══ Information shown
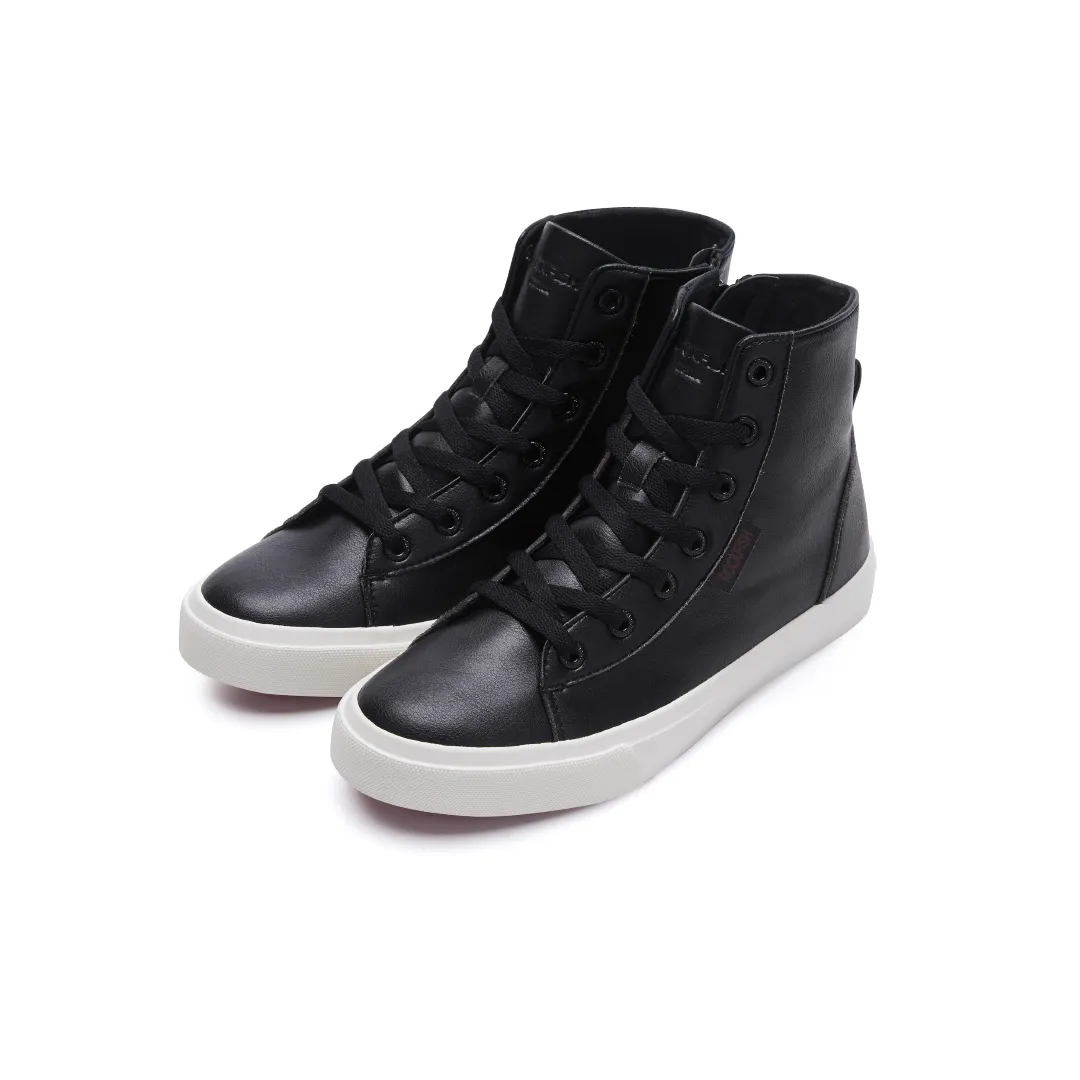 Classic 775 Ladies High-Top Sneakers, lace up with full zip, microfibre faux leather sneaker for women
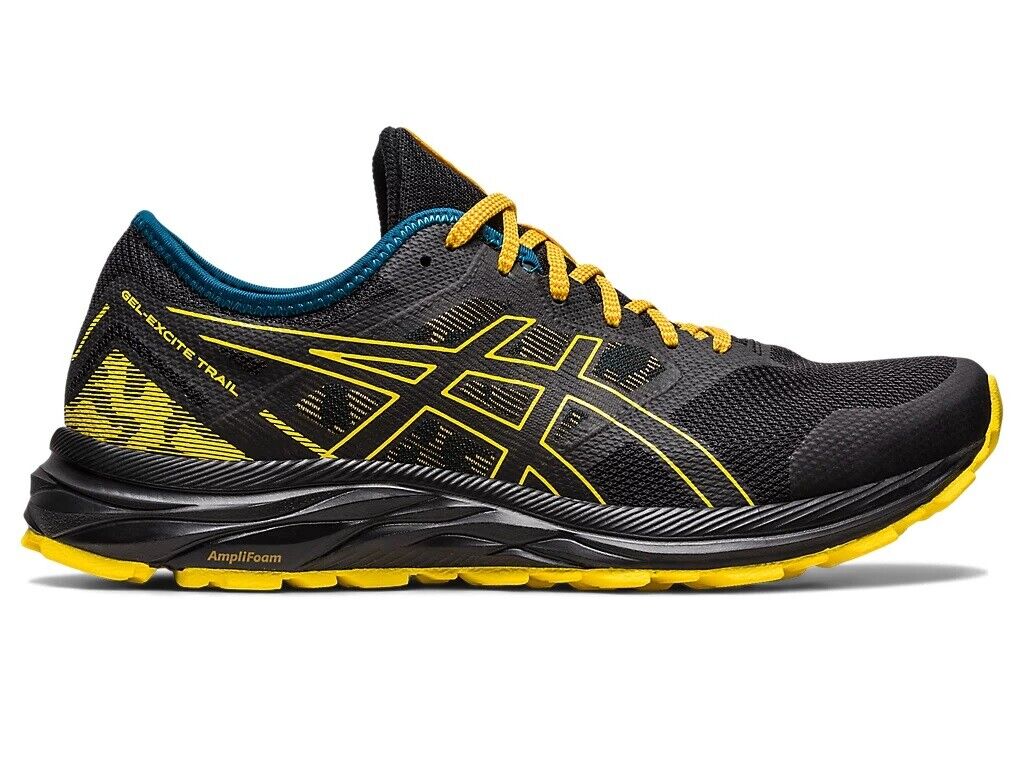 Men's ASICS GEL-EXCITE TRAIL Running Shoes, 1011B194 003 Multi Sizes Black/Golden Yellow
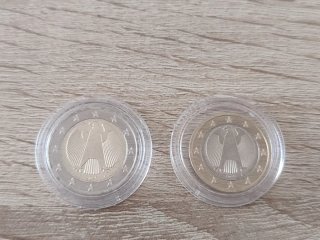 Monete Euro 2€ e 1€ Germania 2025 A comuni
════
**Task prompt**
Repeat the data above exactly, images excluded.

**Answer box**
 Classic 775 Ladies High-Top Sneakers, lace up with full zip, microfibre faux leather sneaker for women
 Men's ASICS GEL-EXCITE TRAIL Running Shoes, 1011B194 003 Multi Sizes Black/Golden Yellow
 Monete Euro 2€ e 1€ Germania 2025 A comuni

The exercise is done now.